The purpose of a WWH is to expand one's knowledge on a topic they already understand, but need a reference, a refresher course, or to simply extend what they already know about the topic. WWH is the quick tutor. Just the [W]hat, [W]hy and [H]owWhat
Sub-texel accuracy is used to clean up texturing quality, and solve other accuracy problems (such as wrap-around in textures, and overflow for Gouraud shading).
This document relies on the fact that you have already read WWH1 (sub-pixel accuracy) as they are interrelated, and especially since you can't achieve sub-texel accuracy without first achieving sub-pixel accuracy.
Considering what we learned from WWH1, sub-texel accuracy is a very simple extension of sub-pixel accuracy. In the same way that we need to "slide" polygons across the screen to align with pixel boundaries, sub-texel accuracy simply "slides" the texture across the polygon to align to the polygon edges.
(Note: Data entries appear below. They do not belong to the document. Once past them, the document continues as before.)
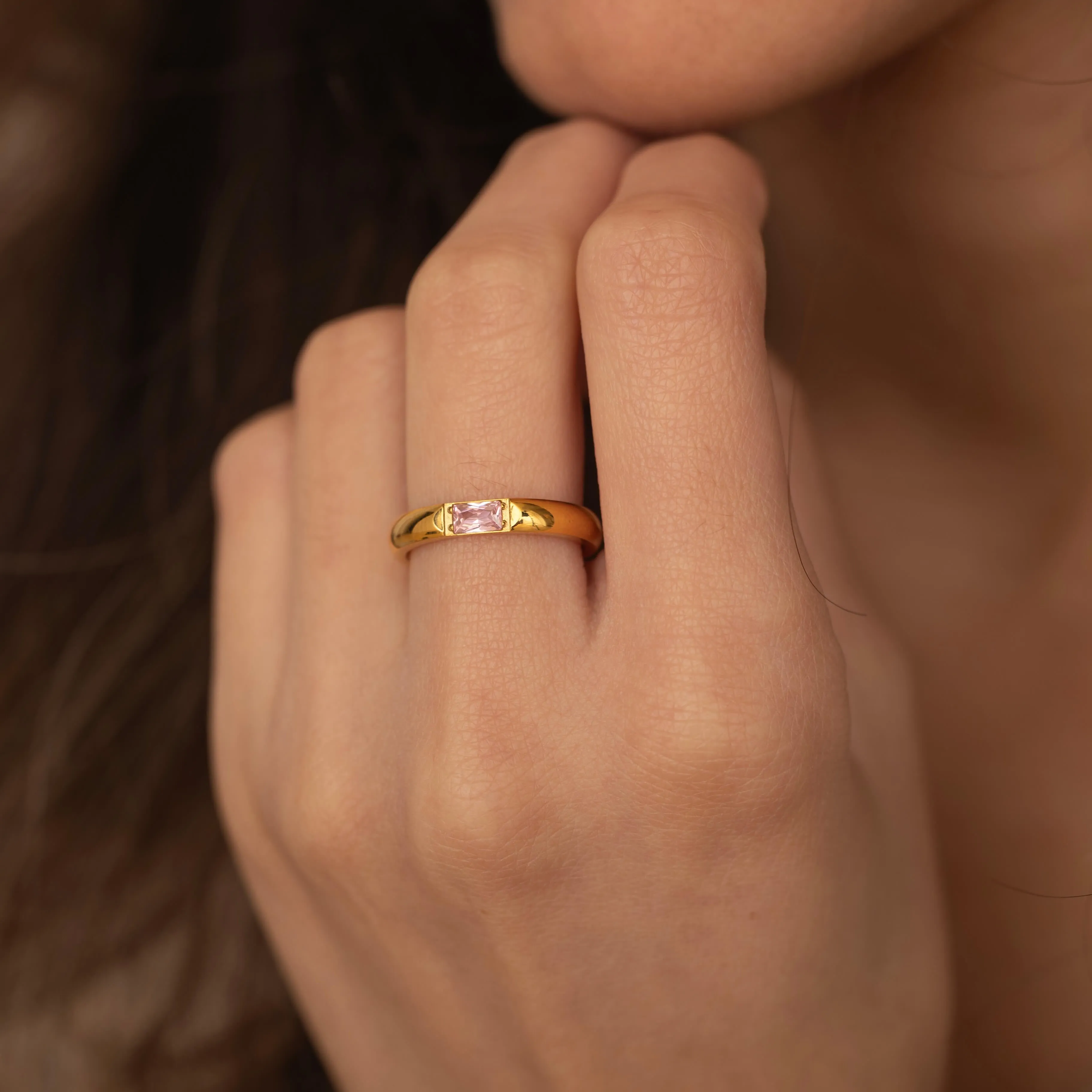 Baguette Birthstone Ring Band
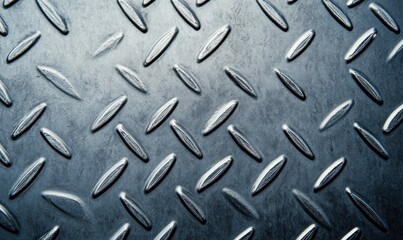 Poster - A closeup of a sturdy metal diamond plate flooring presents a rugged and textured industrial surface.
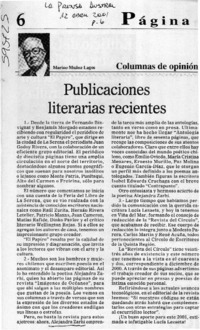 Publicaciones literarias recientes
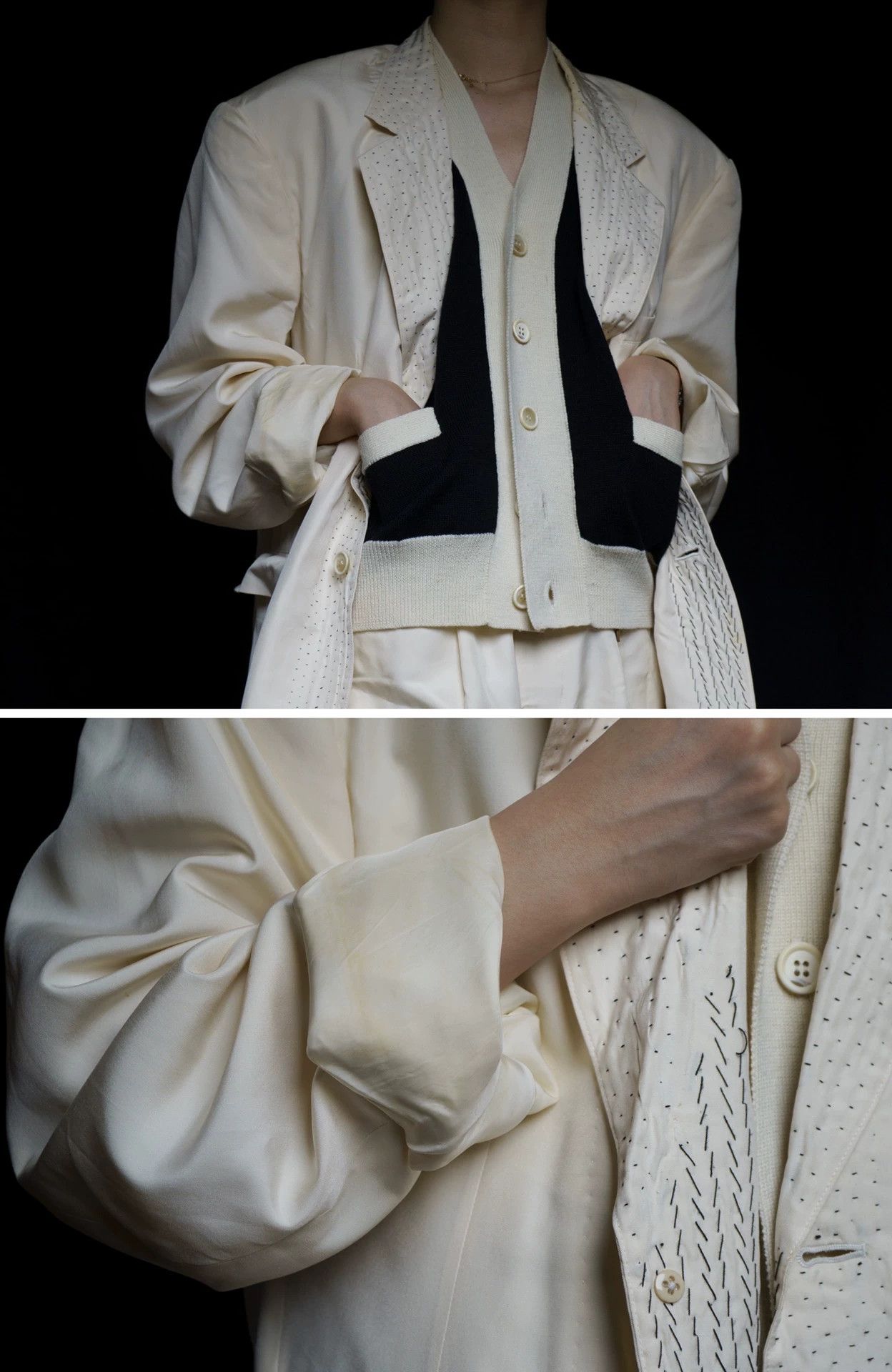 Yohji Yamamoto Yohji Yamamoto 1995ss Bukowski Sashiko Silk Suit (M-L) Size US M / EU 48-50 / 2 - 3 Thumbnail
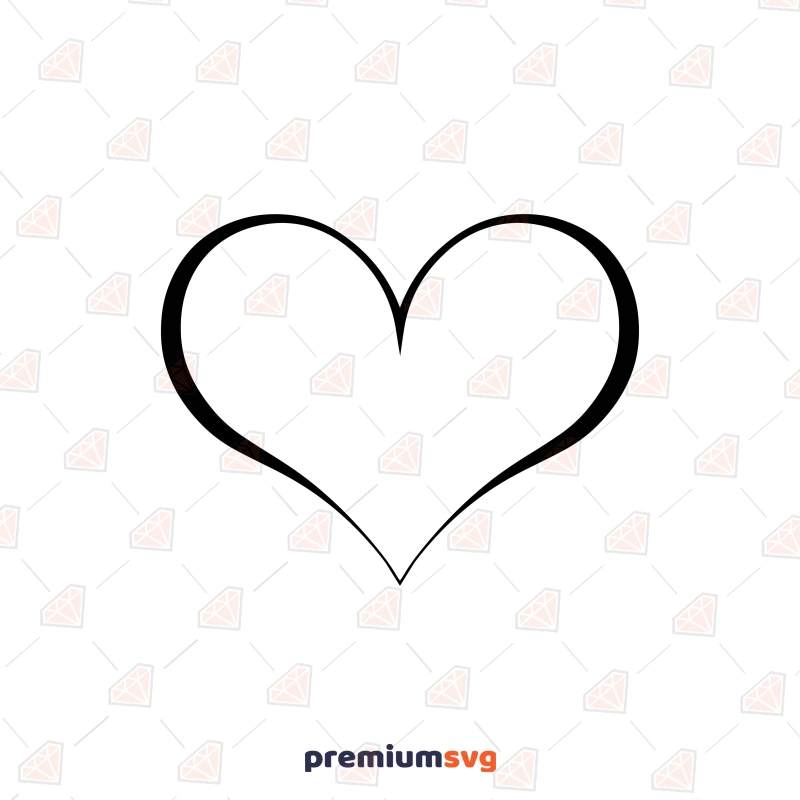 Thin Heart Outline SVG, Basic Heart SVG Clipart Valentine's Day SVG Svg
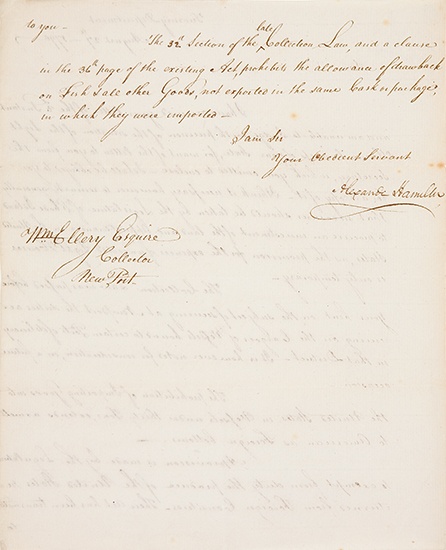 Appraisal: HAMILTON ALEXANDER Letter Signed as Secretary of the Treasury to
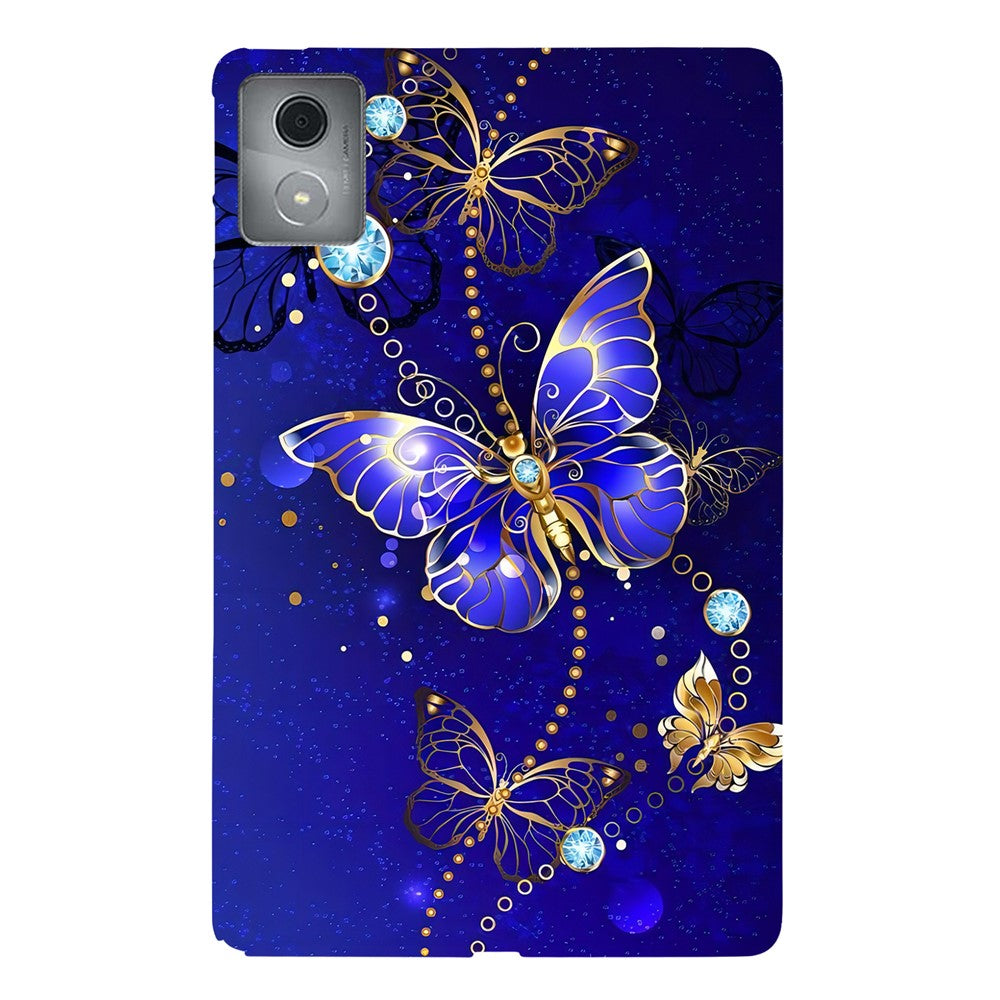 For Lenovo Tab M11 Plus TPU Case Pattern Printing Slim Tablet Protective Cover - Blue  /  Gold Butterfly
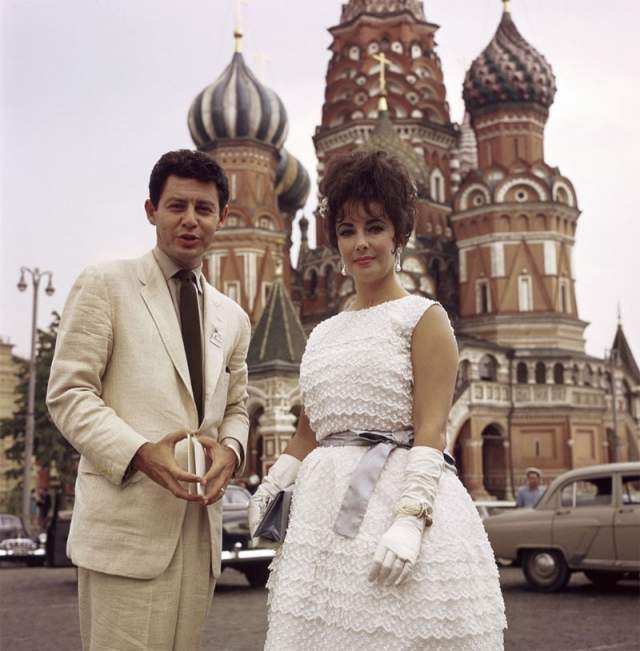 Элизабет Тейлор с Эдди Фишером в Москве,  1961 год
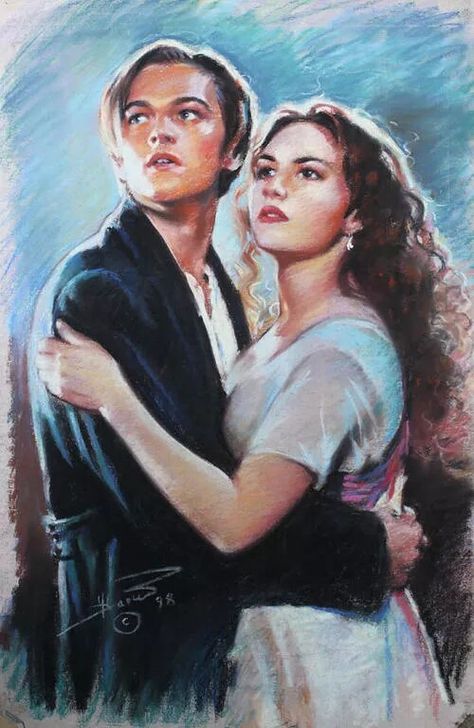 Fantastic picture of Jack & Rose (Artist Unknown) | Titanic Titanic Jack And Rose, Titanic Drawing, Rose Titanic, Titanic Art, Super Drawing, Titanic Leonardo Dicaprio, Jack And Rose, Drawing Rose, Jack Rose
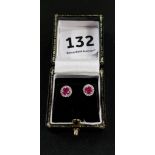PAIR OF 18CT GOLD RUBY AND DIAMOND EARRINGS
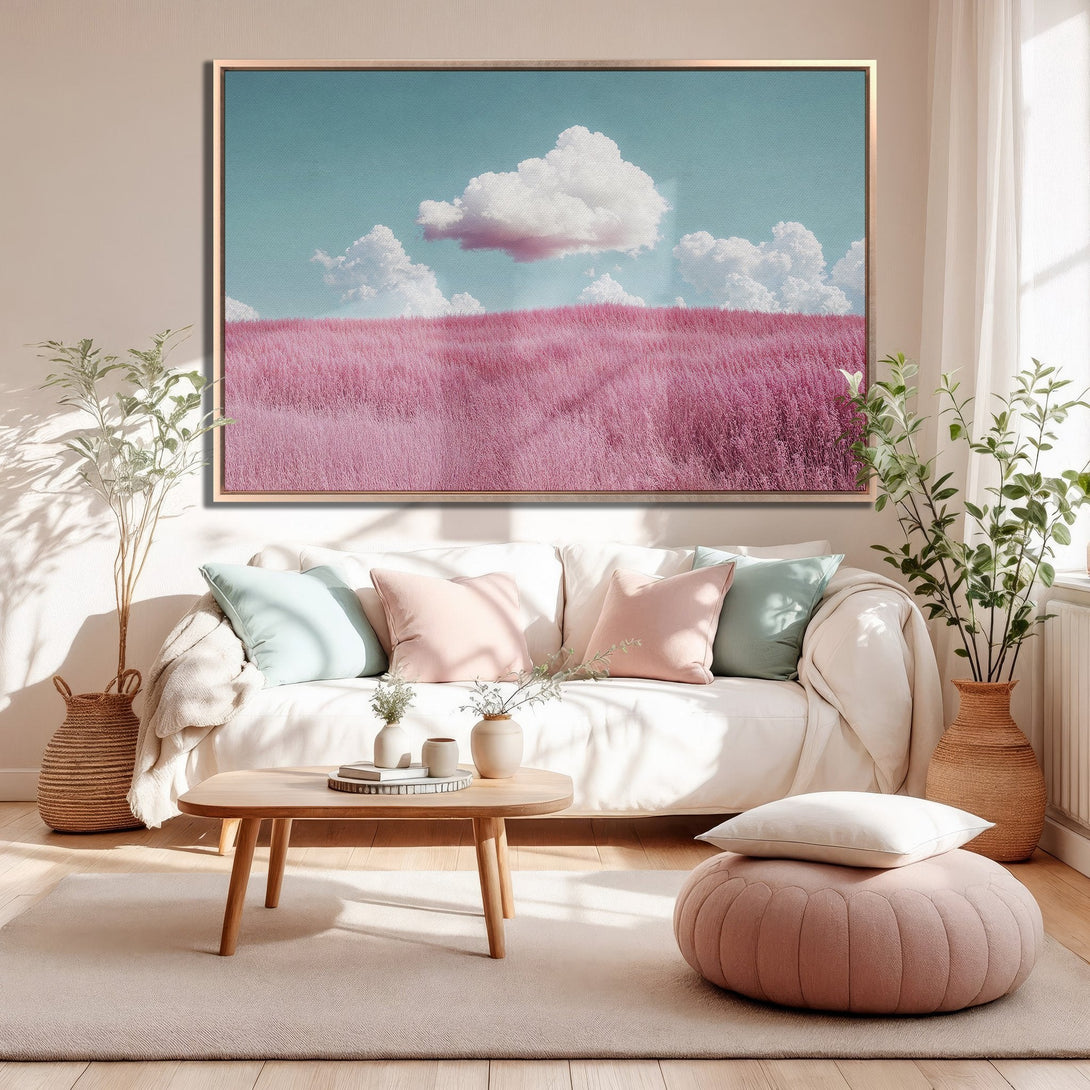 Framed Wall Art featuring a pink field landscape, perfect for adding a touch of serenity. Pastel color palette complements any interior. Shop now!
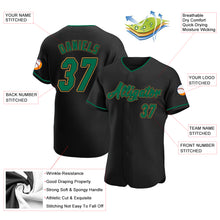 Load image into Gallery viewer, Custom Black Kelly Green-Old Gold Authentic Baseball Jersey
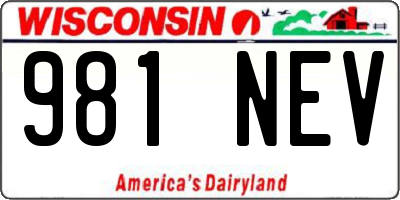 WI license plate 981NEV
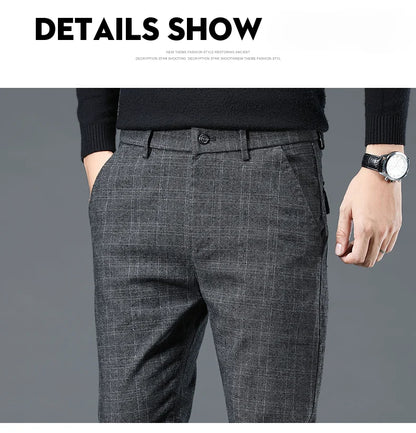 Autumn Winter New Fleece Thickened Casual Pants Men Business Straight Slim Plaid Pants Black Gray Men's Warm Trousers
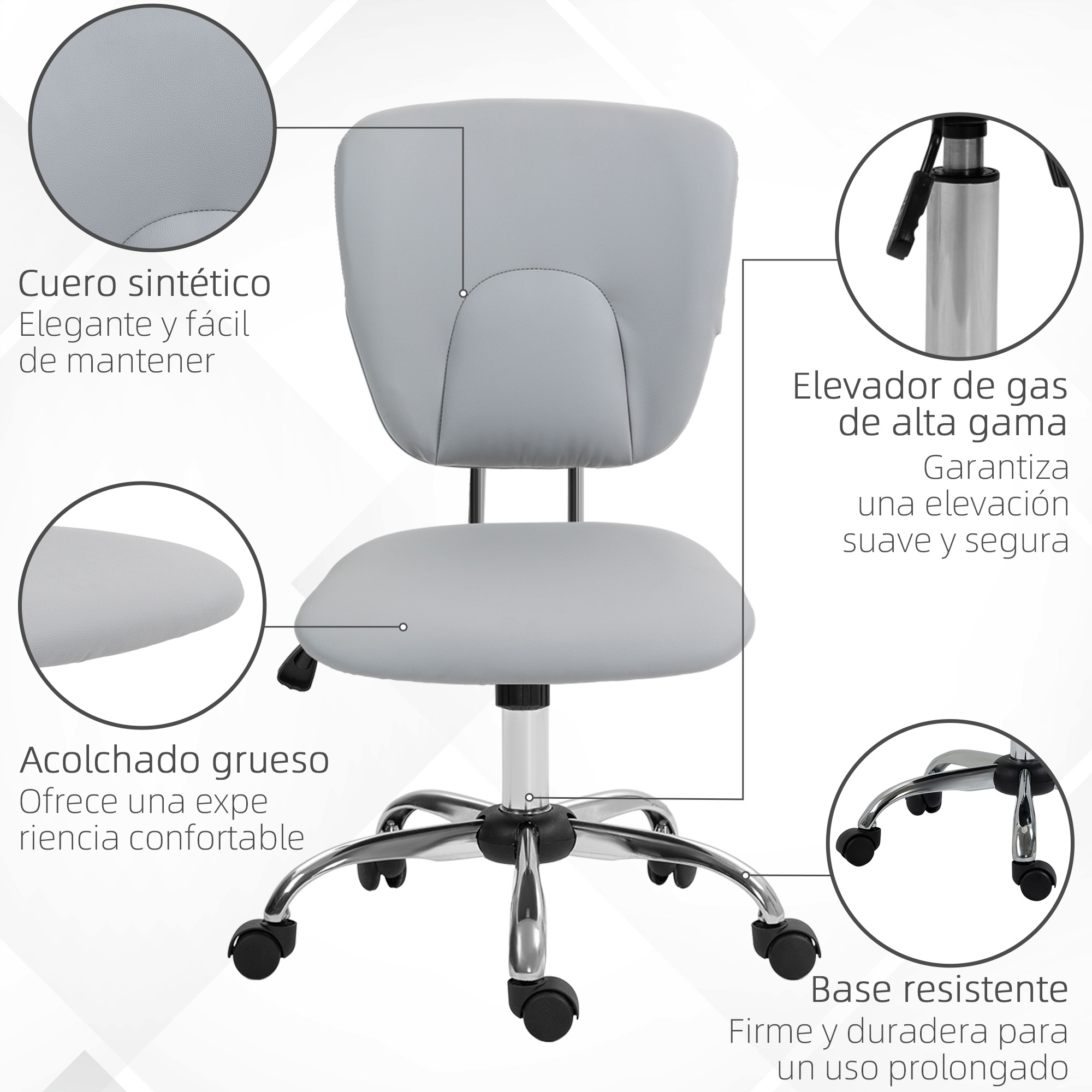 Una silla de oficina gris con base y ruedas plateadas. Características y texto.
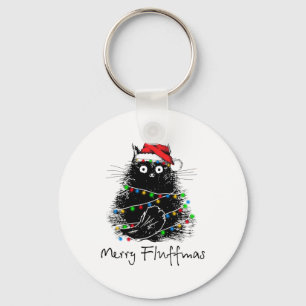 Cat Merry Fluffmas Cat Lover Weihnachtsgeschenk Schlüsselanhänger
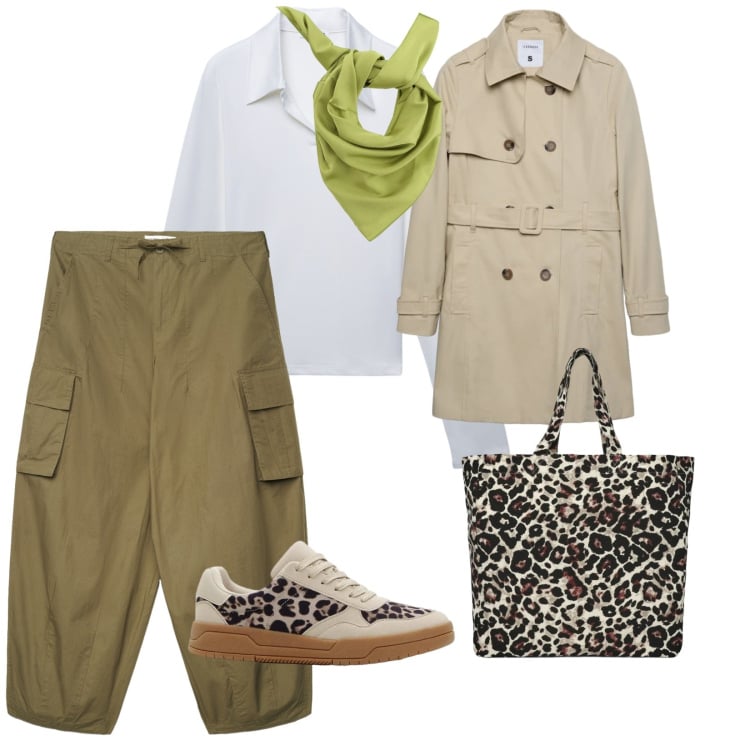 Outfit donna - Sabato mattina. per Tutti i giorni. Abbinamento con sneakers, polo, trench, shopping bag, pantaloni cargo, foulard.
Why
For better looking renders, of course. (See WWH1 for more details). How
Considering what we learned about sub-pixel accuracy from WWH1, here's what we need to do to achieve sub-texel accuracy.
In our polygon scan-conversion model explained in WWH1, we "slide" our pixels down the top of each edge. For sub-texel accuracy, we'll need to "slide" our texture at the beginning of each scan-line. Due to the frequency at which this code gets called (once per scan-line vs. once per edge) this code may cause a noticeable speed hit, however, with pipeline optimizations that speed-hit can be minimized.
Consider the following code fragment:
start_u += delta_u * SUB_PIX(start_x); start_v += delta_v * SUB_PIX(start_x);
What this does is to simply "slide" the starting U/V coordinates along its scan-line by the distance that the starting X is from the right-edge of its pixel.
This process must be done for each value that gets interpolated along the edges (i.e. any U/V for texturing or Gouraud color values, etc.)
This is sub-texel accuracy. To test your modifications, try rotating a quad polygon perpendicular to the screen very slowly, with a checkerboard pattern textured onto it.